Die Münchner Philharmoniker am ersten Abend von „Klassik am Odeonsplatz“

VON TOBIAS HELL

Der erste Blick wandert bei „Klassik am Odeonsplatz“ meist nach oben. Verbunden mit einem stummen Stoßgebet, dass der Himmel über der Feldherrenhalle doch bitte seine patriotischen bayerischen Farben Weiß und Blau behalten möge. Und ja: Das Wetter hatte am Samstag tatsächlich ein Einsehen und machte dem größten Münchner Klassik-Event des Sommers keinen Strich durch die Rechnung.

Zum zufriedenen Lächeln in den Gesichtern der Münchner Philharmoniker dürfte am Ende des Abends aber auch die Aussicht in die andere Richtung einen nicht unwesentlichen Teil beigetragen haben. Denn nach den zurückliegenden Absagen und verkürzten Notfallprogrammen in den Vorjahren konnten endlich wieder rund 8000 Menschen ohne Einschränkungen dem seit Wochen ausverkauften Konzert lauschen. Nach solch langer Entwöhnungsphase durfte dann vor lauter Begeisterung gern mal zwischen die Sätze hineingeklatscht werden. Schließlich läuft es auf den Klappstühlen unterm Sternenhimmel eh nicht ganz so streng wie im benachbarten Herkulessaal. Und in den Zeiten, als Tschaikowsky sein Violinkonzert komponierte, waren spontane Beifallsbekundungen wie diese bekanntlich auch keine Seltenheit.

Beim Neustart auf dem Odeonsplatz galt der Jubel zunächst Geiger Leonidas Kavakos, der eine nach vorne stürmende, fast aggressive Interpretation von Tschaikowskys Opus vorstellte. Wobei die sehr auf den Solisten fokussierte Ton-Abmischung diesen Eindruck noch verstärkt haben mochte und die Lautsprecher ebenfalls kleine Unsauberkeiten hervortreten ließen, die sich im Überschwang der Emotionen eingeschlichen hatten. Oder war es einfach nur die Schuld des zwischendurch über der Feldherrhalle kreisenden Helikopters?

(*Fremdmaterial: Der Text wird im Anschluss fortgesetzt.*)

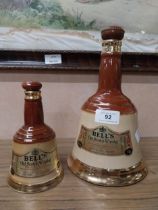 Bells Scotch Whiskey advertising bottles. {25 cm H x 15 cm Dia} and {17 cm H x 9 cm Dia.}.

Nicht minder effektvoll, aber deutlich ausgewogener im Klang präsentierte sich nach der Pause Antonín Dvořáks Symphonie Nummer neun „Aus der Neuen Welt“. Ein weiterer Klassiker, der seine Open-Air-Tauglichkeit vielfach bewiesen hat und von den beteiligten Orchestern auch auf dem Odeonsplatz in regelmäßigen Abständen immer wieder gern hervorgeholt wird. Aber warum nicht? Das Werk ging den Philharmonikern überaus locker von der Hand. Und dafür, dass sich keine Routine einschlich, sorgte neben den positiven Energien, die aus dem Publikum aufs Podium hochschwappten, vor allem Dirigent Daniel Harding. Da war dann schnell vergessen, dass auf manchen weit im Voraus gekauften Tickets noch der Name des hinauskomplimentierten Ex-Chefdirigenten Valery Gergiev aufgedruckt war.

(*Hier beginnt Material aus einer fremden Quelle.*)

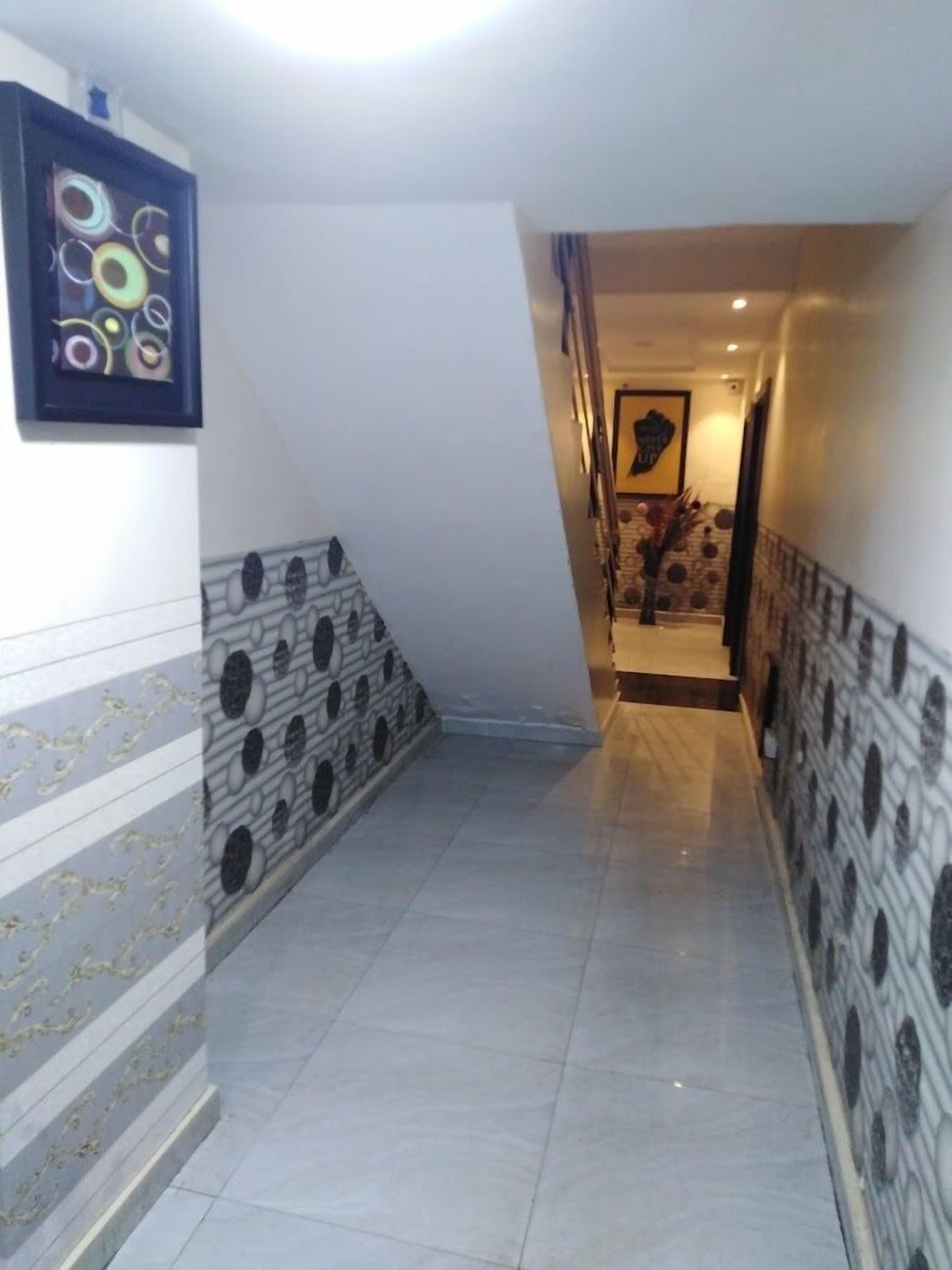 A hallway with patterned walls and a tiled floor, leading to a staircase.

Harding, der den Odeonsplatz bereits von drei Auftritten mit dem BR-Symphonieorchester bestens kennt, startete mit sehr zügigen Tempi und gab den Philharmonikern nur wenig Zeit zum Durchatmen. So etwa im intensiv ausgestalteten Largo, das der Dirigent in Vorahnung des rasch einsetzenden Beifalls nahtlos an die expressiven Schlusstakte des ersten Satzes anschloss, um den Spannungsbogen nicht abreißen zu lassen.

Keine Angst vor großen Gesten ebenfalls im Scherzo, das neben den mit Nachdruck agierenden Streichern auch die Holz- und Blechbläser in Hochform zeigte. Wie sich bei diesem slawischen Abend auf der Zielgeraden noch der gute alte Johann Strauß junior mit der „Tritsch-Tratsch-Polka“ unter die Zugaben schleichen konnte, wird wohl das Geheimnis des Dirigenten bleiben. Aber was bei den Wiener Kollegen funktioniert, verfehlte auch hier nicht seine Wirkung und ließ das Publikum beschwingt durch die Nacht nach Hause ziehen.